Another theory for the tile order was put forth by Trochu, and described in the following scenario:
A young martyr is being buried. The loculus has been carved in the usual manner, a little higher at the head side than at the feet. The mason chooses two tiles he thinks will be sufficient to seal the tomb. He breaks the larger one into two smaller pieces. Now he has three tiles. He lays them down and writes the inscription. This having been completed, he starts the work of putting the tiles in place. At this point he realizes that because of the difference in height from one side of the tomb to the other, the last tile on which he had written “LUMENA” is not tall enough to seal the grave. To close a 3 centimeter gap along a length of 57 centimeters would be very difficult. Certainly it would be an unappealing idea to rewrite the whole inscription. His solution, therefore, is to change the order of the tiles so that the largest tile, with “CUM FI” inscribed on it, is placed at the head to cover the largest opening (at the far right) and the most important tile, the tile with “PAX TE” written on it, is placed in the middle.
The plausibility of this scenario is manifest, according to Bonavenia, when the tiles, now at Mugnano, are examined. The two tiles that are supposed to have been split fit each other perfectly. There is no doubt they originally formed one large tile. None of the tiles on Filumena’s grave show any of the usual damage or mismatching (as in the Noeti case) that is normal for tiles that have been reused, signs that Marruchi himself said are always present in cases of tile reuse.
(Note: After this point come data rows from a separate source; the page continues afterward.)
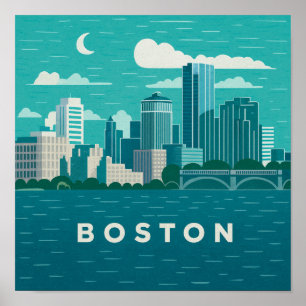 Massachusetts Nacht Stadtansicht Boston City Poster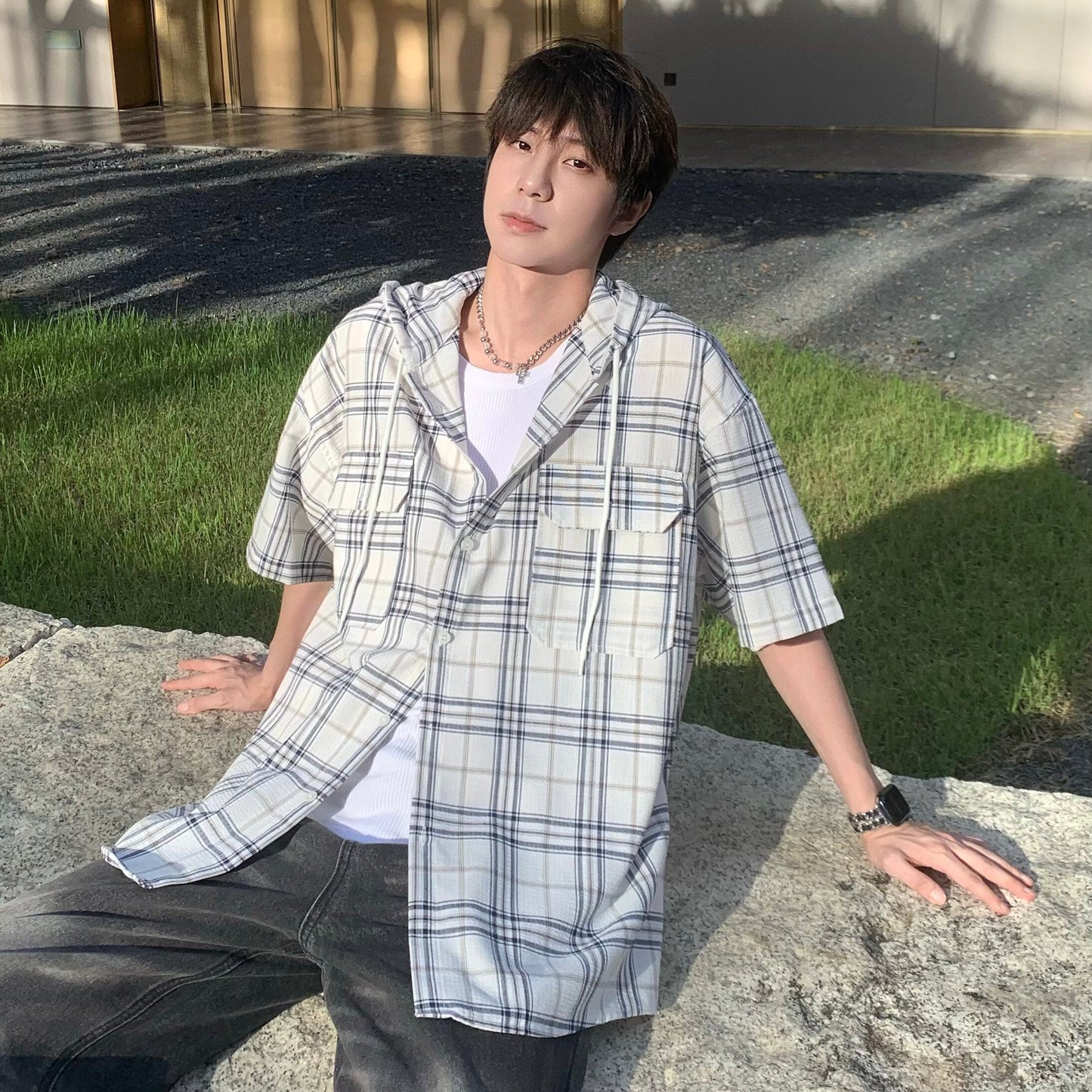 Plaid Hooded Short Sleeve Shirt WN25195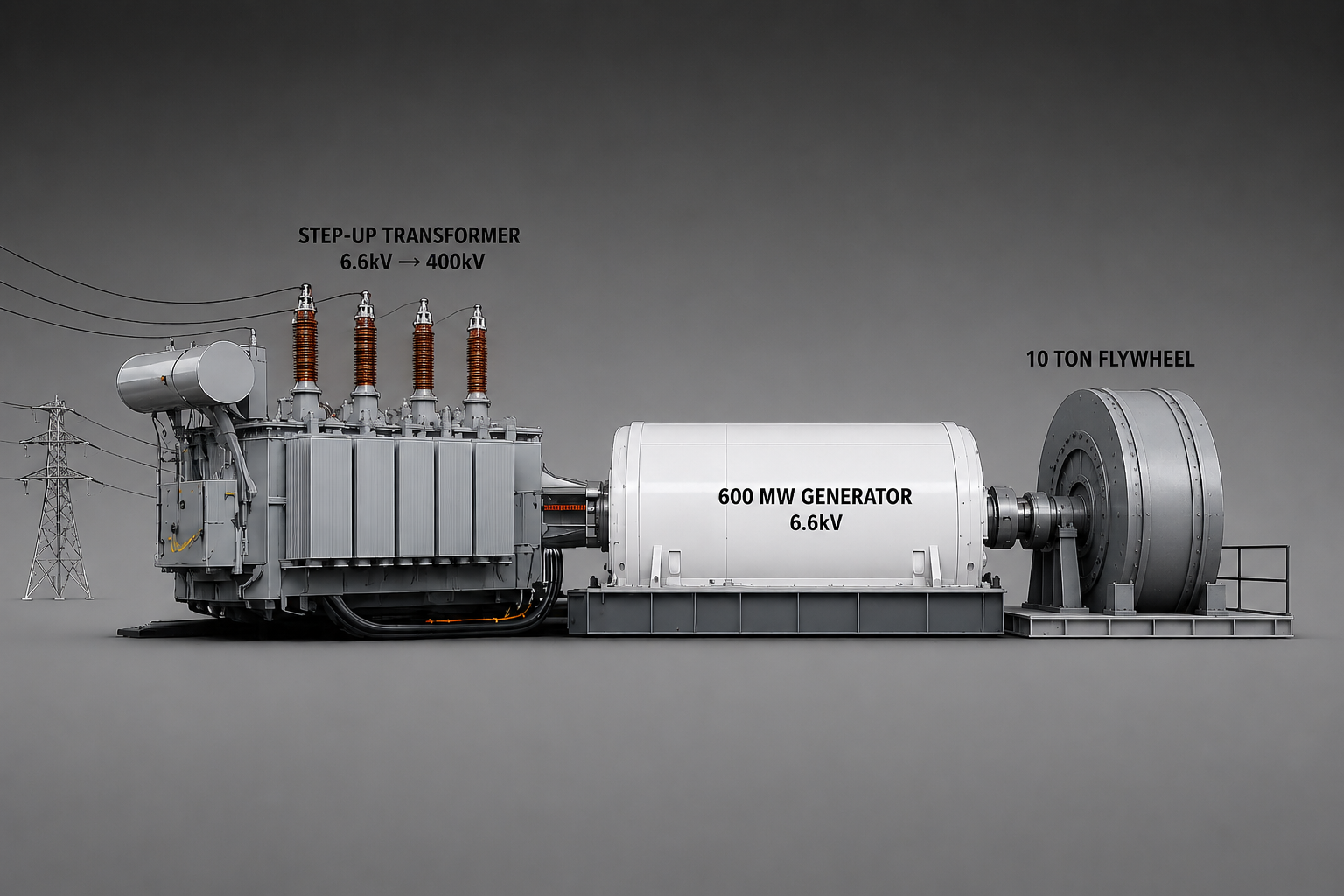 600 MW Grid Connected Generator With 10 Ton Flywheel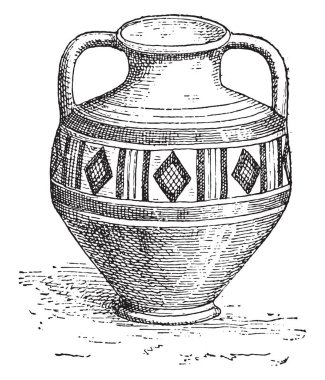 Gallo-Roma vazo dünya, vintage illüstrasyon kazınmış.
Moreover, Bonavenia further concludes that the idea posited by Marruchi, that “FILUMENA” was cut in two and the tile “PAX TE” put in the middle, is untenable.
A moral argument in favor of the authenticity of the tomb of St. Philomena, was offered in an earlier work by H. Leclercq. He argued that the catacombs under Rome are very large, in keeping with the Christian conception of immortality. They had an extreme reverence for each and every Christian body, whether a martyr or not. It was because of their hope for future glory that each body was treated as special, given its own burial spot and why it was forbidden for Christians to open a tomb, either to put one body on top of another, or to disturb a grave in any way. Now, if we were to accept the Marruchi hypothesis, then one would have to accept: a) an epitaph from a first century Christian named Philomena was used for another anonymous Christian’s grave in the fourth century; b) that the first person was therefore removed from her grave and c) that this person was removed despite there being room in the lower parts of the catacombs for new bodies. Why would Christians commit these acts that had been forbidden as sacrilegious and against all tradition and belief? Morally, they would not.
More recent archeological study has provided additional clarity regarding the shortcomings of the Marucchi theory. Jesuit archeologist Fr. Antonio Ferrua, Secretary of the Pontifical Commission of Sacred Archeology and Professor of Archeology at the Gregorian University conducted an examination of the tiles and catacomb site in 1963 and issued the following conclusion:
The hypothesis of Marucchi, that three tiles with their inscription came from another tomb and were sealed into the second with the inscription out of order is not sustainable to illustrate that the epitaph does not apply to her:
- Because in that case one would be able to observe on them some traces of the second application of lime (examiners up to this point have all concluded to only one sealing).
- During the process of going from first to second usage, chips would have been very likely made to the edges of the brick tile. Two, in particular, come from one complete bipedal which has been split in two. They continue to have sound and undamaged matching edges along the side of the fracture.
- Marble slabs are often re-used (being valuable material), but not pieces of brick, particularly if already written upon. In any case, where it was desired to avoid the danger of error, the precaution would have been taken of turning the written face inwards (as usually happens when re-using wooden planks). In this way, the inconvenience of having to put new over old would also be eliminated.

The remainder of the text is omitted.